Over time, though, the house became filled with other items: two more growing boys and in-laws who would come to stay for a few months out of the year. What had once been a cozy nest for the young parents now became the venue for after-school basketball scrimmages, synagogue charity meetings and traditional Passover Seders. A black-andwhite three-channel television appeared in the corner of the living room; various newspapers and magazines accumulated on my grandfather’s desk.

But even as the collection of items common to everyday life — neckties, tuna fish sandwiches, footballs — slowly filled my grandparents’ home, a whole other category of prized belongings became the most cherished of all: the books.

American history and biography. Sports memoirs and European post-war novels. Religious commentary, religious texts, and my grandfather’s writings on Texas history.

These books hold the story of life inside my grandparents’ cottage-style home.

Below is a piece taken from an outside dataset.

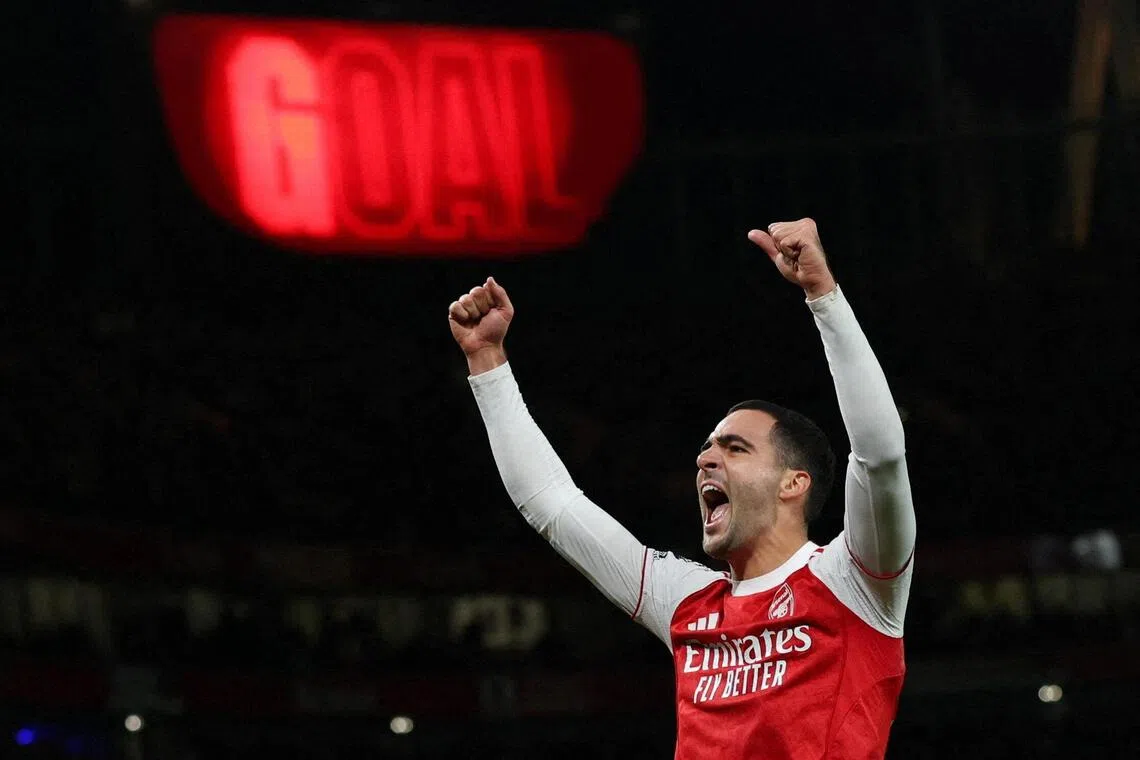 Arsenal's Mikel Merino celebrates scoring their first goal.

It was books that most inspired Thanksgiving table conversations, phone calls with grandchildren and handwritten postcards to family scattered worldwide. While I imagine some homes become overrun with plants or cats, my grandparents’ home is overrun with books. Shelves line every inch of wall space, bearing volumes with titles such as “The Man in the White Sharkskin Suit” and “The War for the Union.” My grandparents commissioned an iron worker in Houston to make special bookshelves for the house’s narrow hallways.

But while my grandparents’ books have maintained their sturdy spines and have not yellowed with time, the same cannot be said of my grandparents. With each return to Houston, my parents and I are reminded of my grandmother’s unsteady gait, my grandfather’s failing eyesight, the burden the crumbling house has become. In hushed tones my dad and his brothers talk about moving their parents to an assisted living facility as each hurricane season leaves a new path of destruction in its wake.

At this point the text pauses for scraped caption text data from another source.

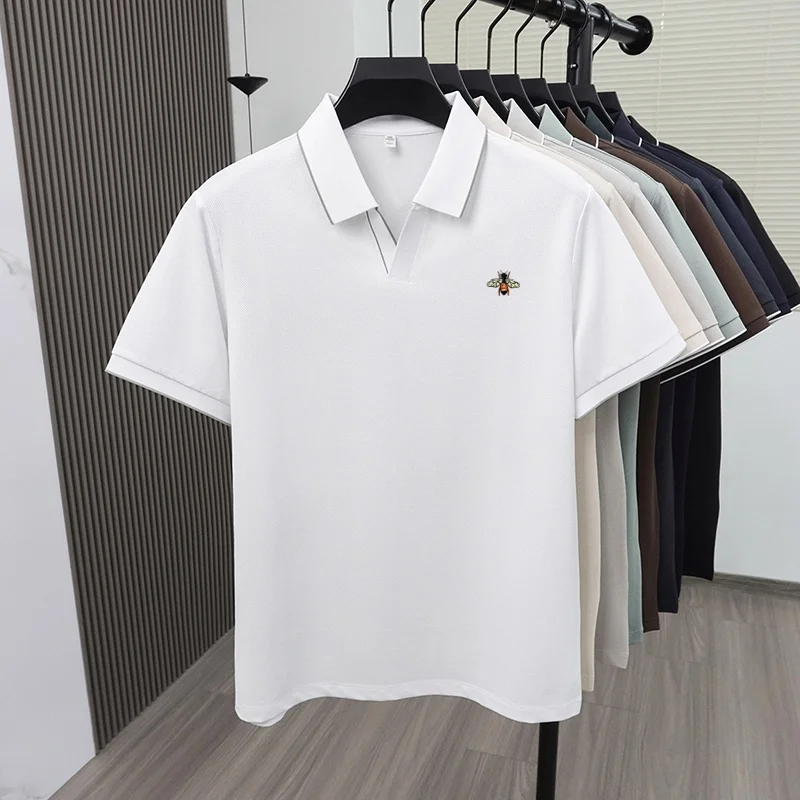 Summer Men High-End Luxury Brand Small Bee Embroidery POLO Shirt Fashion T-Shirt Business Casual Top Comfort Short-Sleeve Shirt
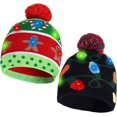 thumbnail image 1 of TETOU 2 Pack Light Up Christmas Hat,Cute Cartoon Design Xmas Knitted Beanie Hat with Light for Adults Kids Christmas Gift New Years Party Decoration(Style A), 1 of 6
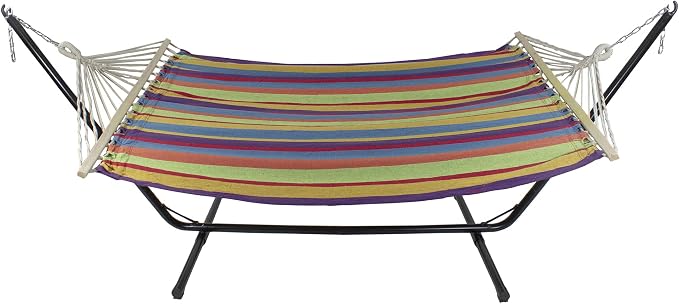 Northlight 32816511 Striped Woven Cotton Double Tree Hammock Multi-Color, Multicolor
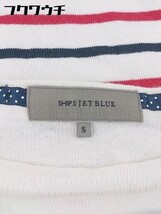 ◇ SHIPS JET BLUE シップスジェットブルー ボーダー ワッペン 半袖 Tシャツ カットソー サイズS ホワイト レディース_画像4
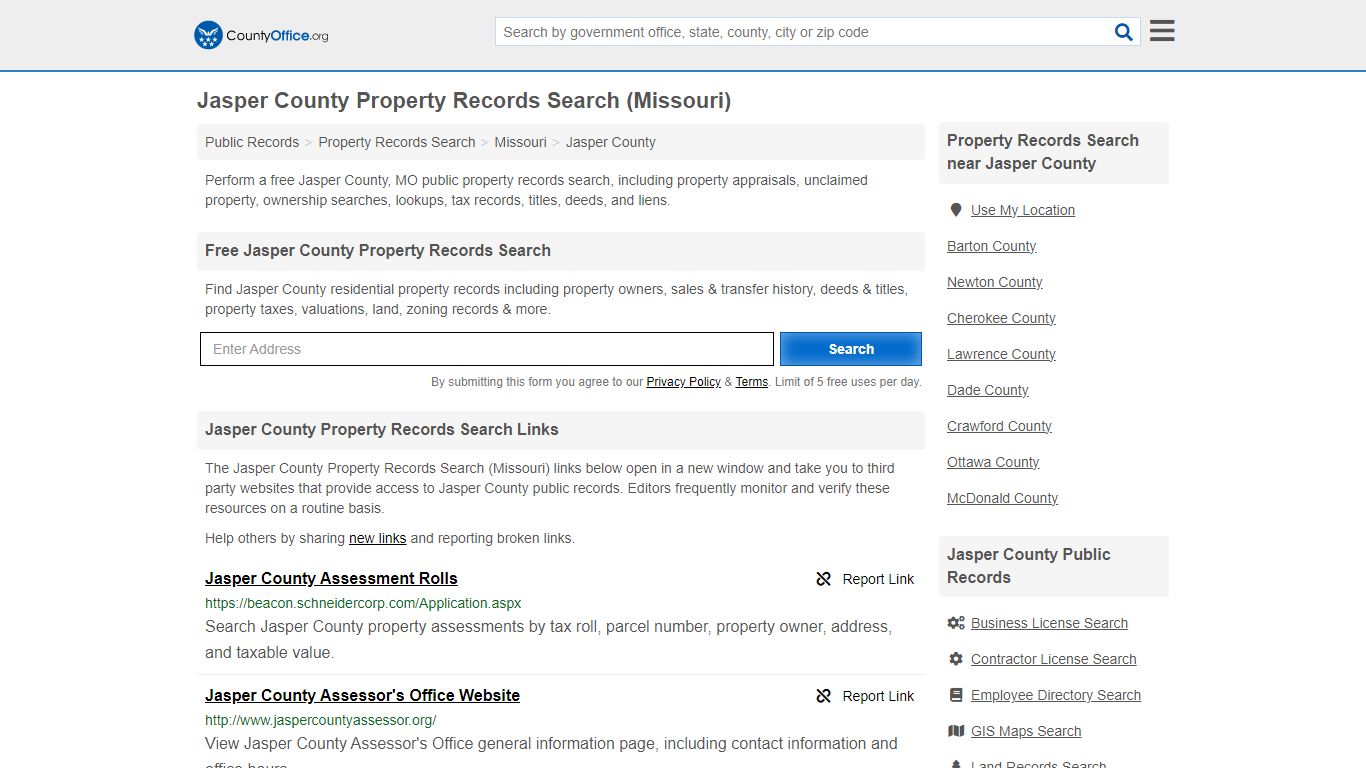 Jasper County Property Records Search (Missouri) - County Office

But when that day comes, what will happen to the books?

I ask this question with the uncomfortable feeling that I will be asking it again 30 or 40 years from now. My mom says she bought our house in Dallas 18 years ago because of its floor-to-ceiling built-in bookshelves, shelves already filled beyond capacity. Stacked horizontally on top of one another or packed together in neat rows, the books range from a collection of New Yorker pieces by Woody Allen to volumes on codebreaking during World War II. Then, there are the books that tell the narrative of my parents’ own lives together, like “Riley’s Love Lyrics,” which my dad purchased on my parents’ honeymoon and inscribed with the words, “To Lisa, who I love so dearly.”

Perhaps one day, when my parents’ house becomes too quiet and the burden is too much for them to bear, my siblings and I will speak in hushed tones about my parents and their precious books.

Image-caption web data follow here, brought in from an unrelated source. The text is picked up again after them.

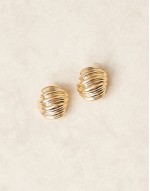 Sets Of 2 textured domed statement stud earrings in 18k gold plated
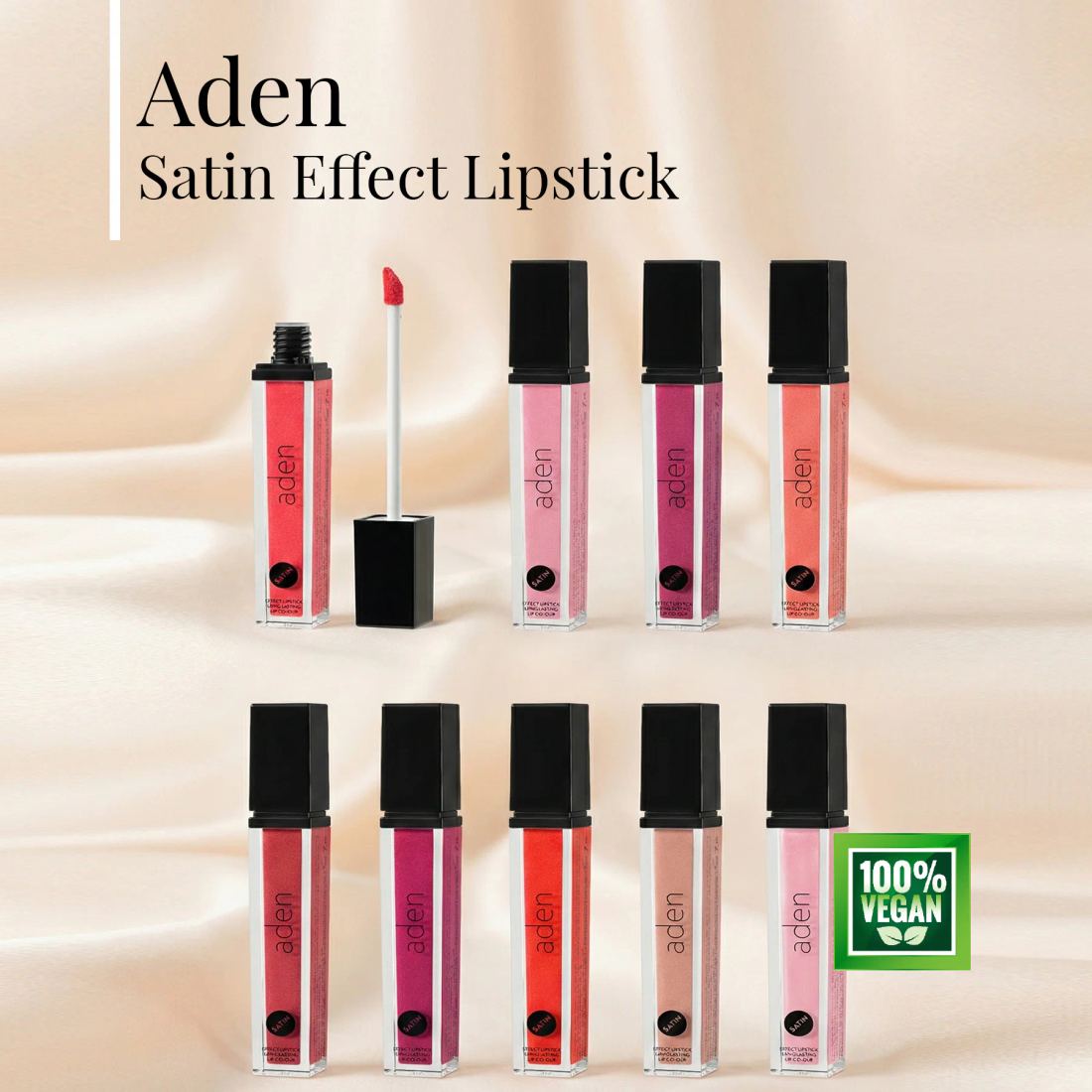Aden Satin Effect Lipstick - Saten Etkili Likit Ruj 01 Radiant Beige (Işıltılı Bej)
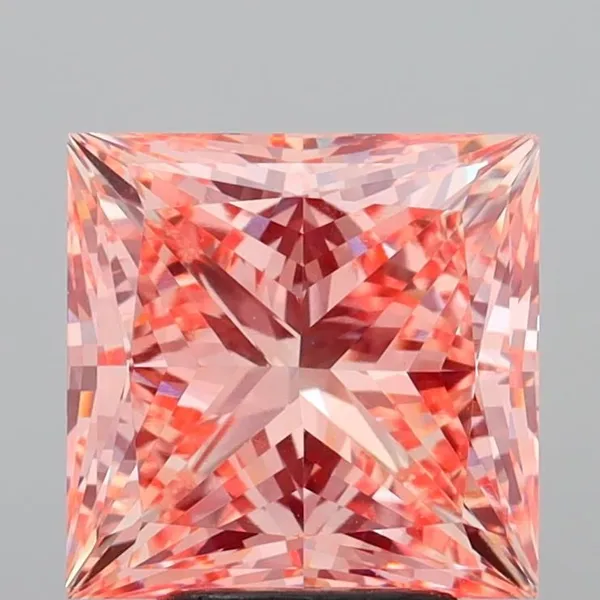 4.98ct PRINCESS Fancy Vivid Pink VS1 Coloured Lab diamond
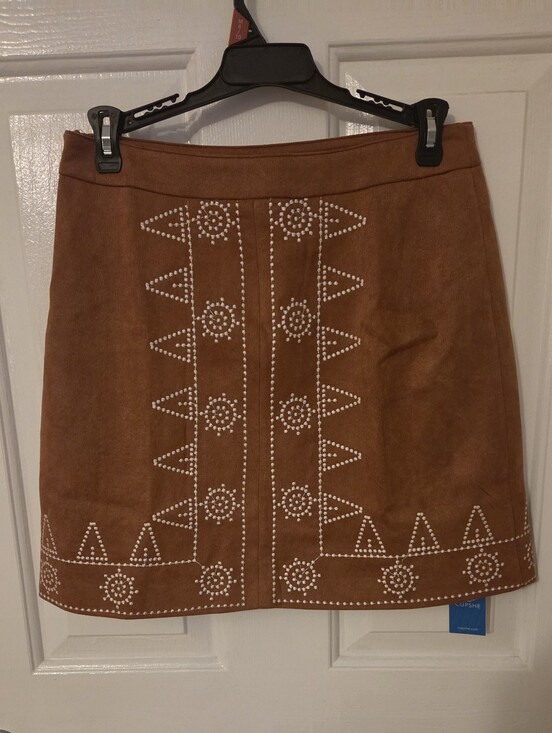 Cupshe Dresses & Skirts - Cupshe Brown Suede-Effect Mini Skirt with White Stud Embroidery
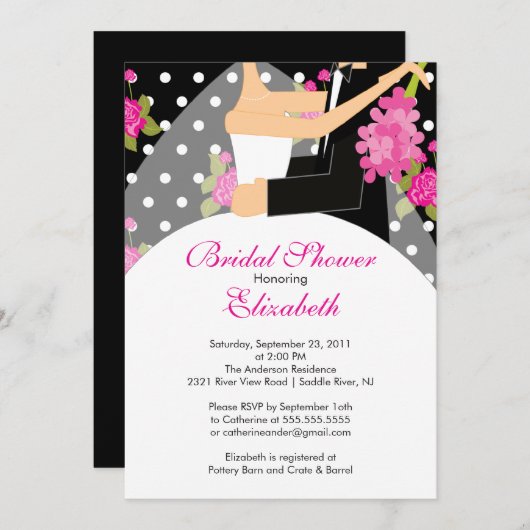 Floral Bride Bridal Shower Kaart (Voorkant / Achterkant)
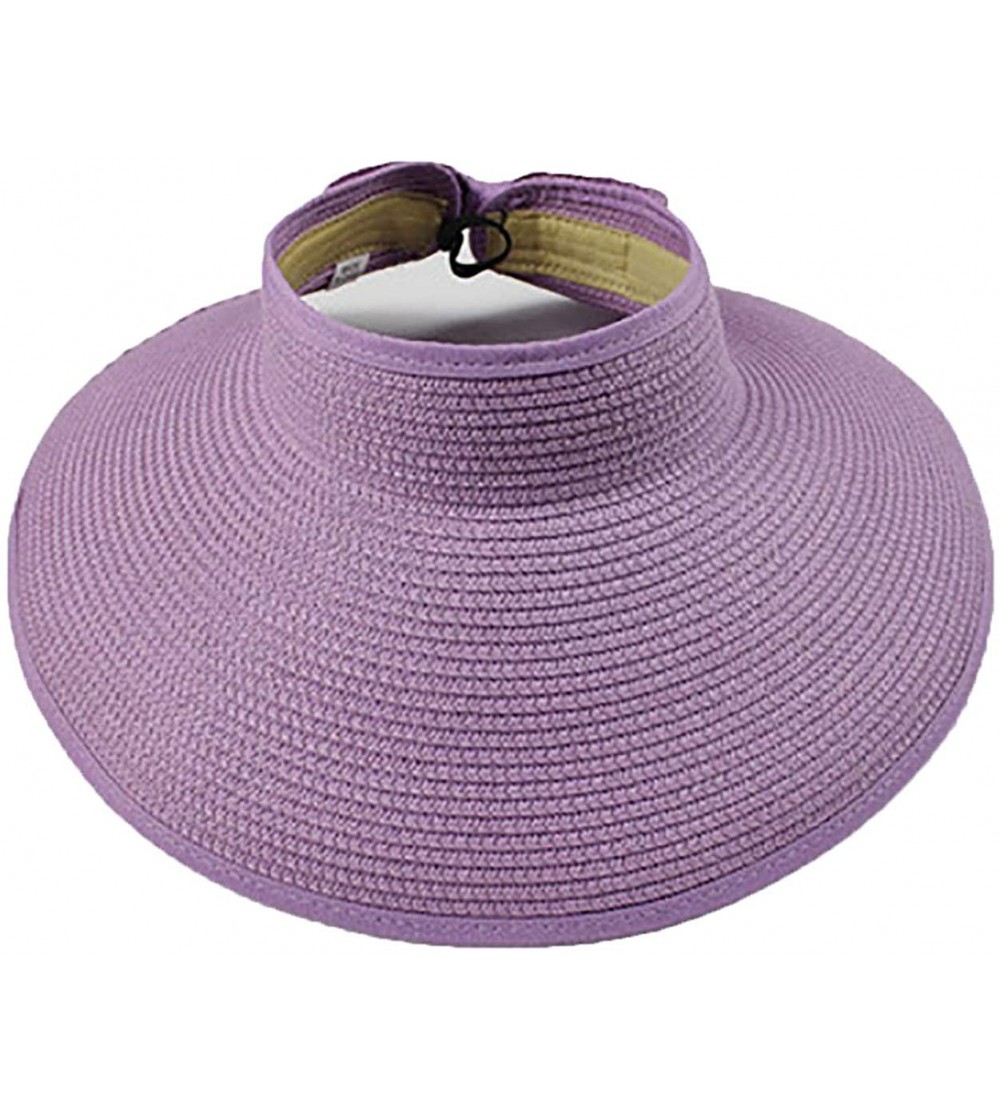 Visors Women's Summer Foldable Straw Sun Visor w/Cute Bowtie UPF 50+ Packable Wide Brim Roll-Up Visor Beach Hat - Purple - CM...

It is strange to realize that the individual items collected over my grandparents’ 62-year marriage will one day mean little to anyone, reduced instead to a list of items once cherished because of “that time when …” Who today would jump at the possibility of acquiring my grandparents’ beloved book collection, or that of my parents or perhaps, one day, mine?

When I called my grandparents earlier this week to ask about random books they have collected over the years, my grandmother casually mentioned William Faulkner’s The Sound and the Fury. The title, famously taken from Shakespeare’s “Macbeth,” is excerpted from the end of Macbeth’s soliloquy, in which he concludes that life and its struggles are devoid of any meaning:

Tomorrow and tomorrow and tomorrow,

Creeps in this petty pace from day to day

To the last syllable of recorded time,

And all our yesterdays have lighted fools

The way to dusty death. Out, out, brief candle!

Life’s but a walking shadow, a poor player

That struts and frets his hour upon the stage

And then is heard no more: it is a tale

Told by an idiot, full of sound and fury, 

Signifying nothing. 

As I wonder how many tomorrows my grandparents’ books will have, I hold onto some belief that there was meaning in the collection, and that the books themselves contributed meaning to the years my grandparents have spent in that house since 1965.

But as the books’ yesterdays seem so much more in number than their tomorrows and tomorrows and tomorrows, I am less sure. I glance across the shelf to find Iréne Némirovsky’s “All Our Worldly Goods,” and I am sad.